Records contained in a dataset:

━━━━━━━━━━

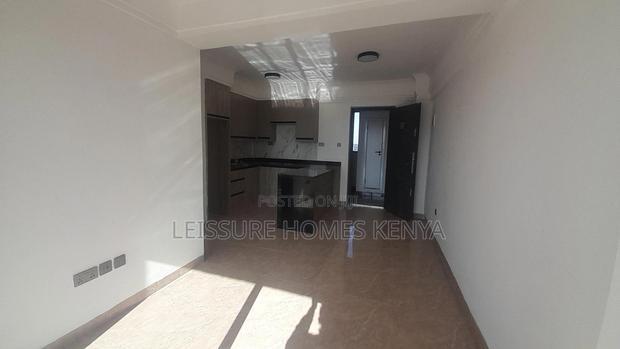 1bdrm Apartment in Kilimani for rent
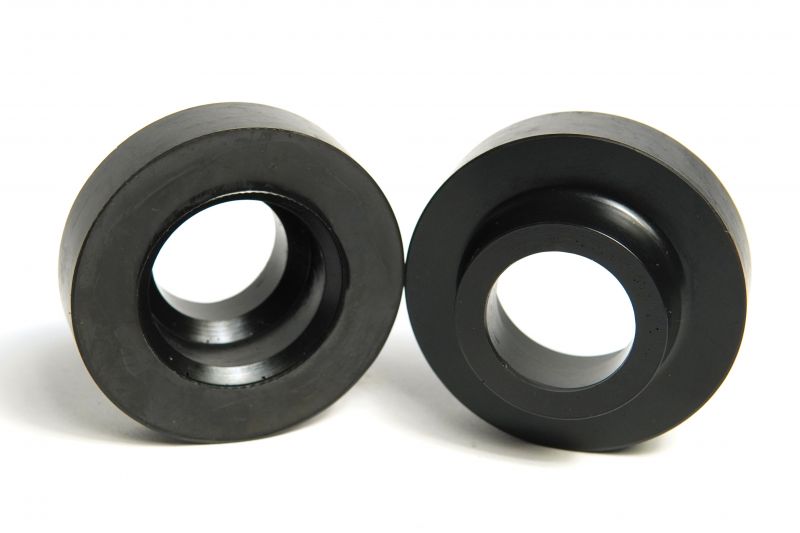 0.8 inch (20 mm) Rear Coil Spring Spacers Leveling Lift Kit for Peugeot - 36-15-005/20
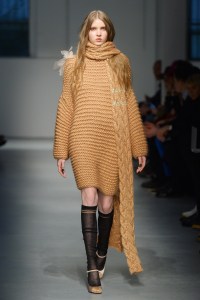 Les Copains RTW Fall 2017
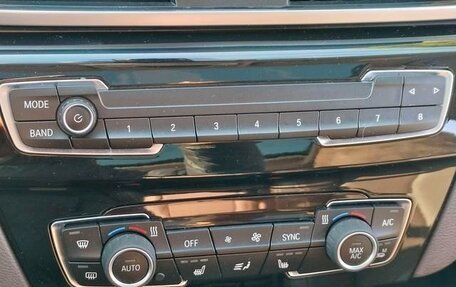 BMW X1, 2021 год, 2 100 000 рублей, 17 фотография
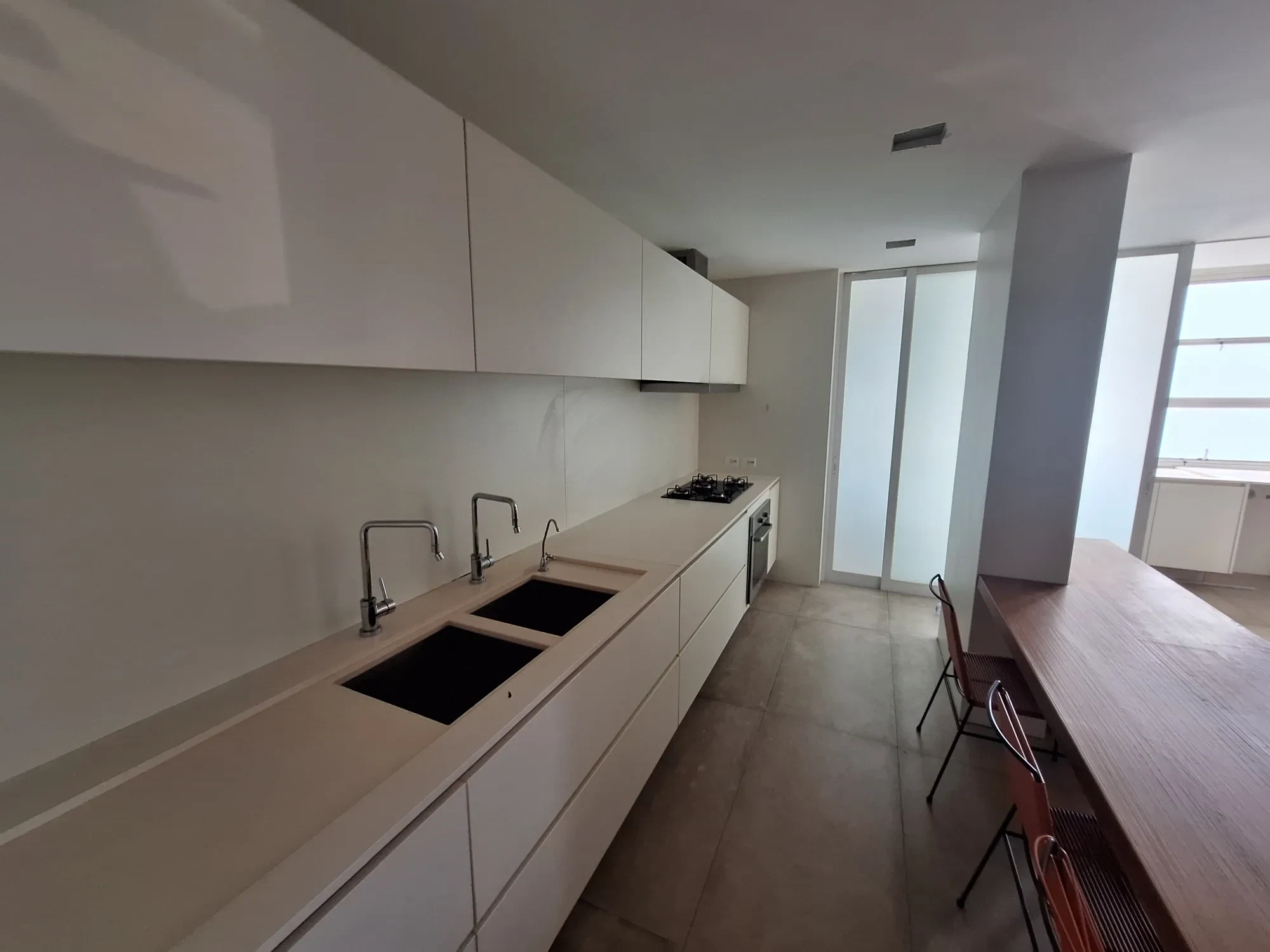 Foto do imóvel: Apartamento com 3 Quartos para Alugar, 230 m² em Jardim Europa - São Paulo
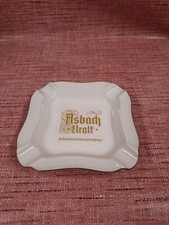 Asbach Uralt Aschenbecher 14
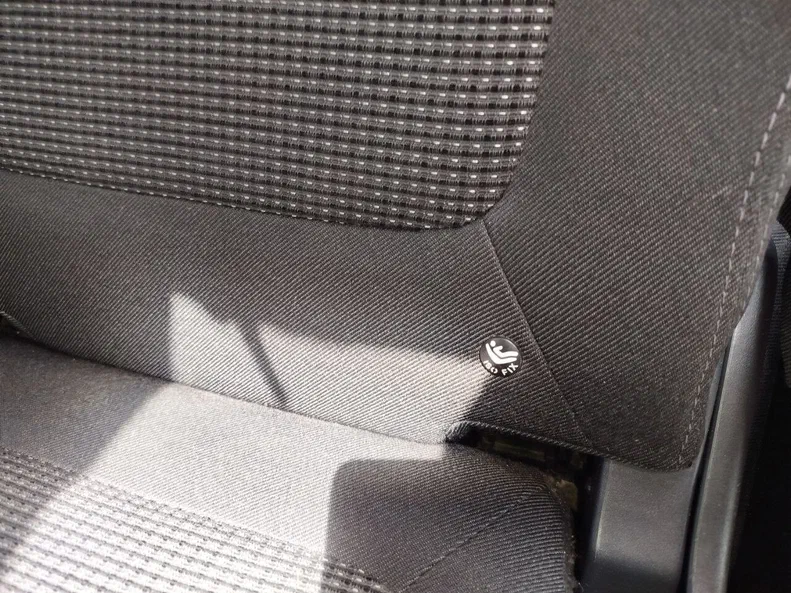 Peugeot 5008 2009 - 16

━━━━━━━━━━

*Work instruction*.
Word for word, print every record, and leave out any picture.

*Answer to the problem*.
 1bdrm Apartment in Kilimani for rent
 0.8 inch (20 mm) Rear Coil Spring Spacers Leveling Lift Kit for Peugeot - 36-15-005/20
 Les Copains RTW Fall 2017
 BMW X1, 2021 год, 2 100 000 рублей, 17 фотография
 Foto do imóvel: Apartamento com 3 Quartos para Alugar, 230 m² em Jardim Europa - São Paulo
 Asbach Uralt Aschenbecher 14
 Peugeot 5008 2009 - 16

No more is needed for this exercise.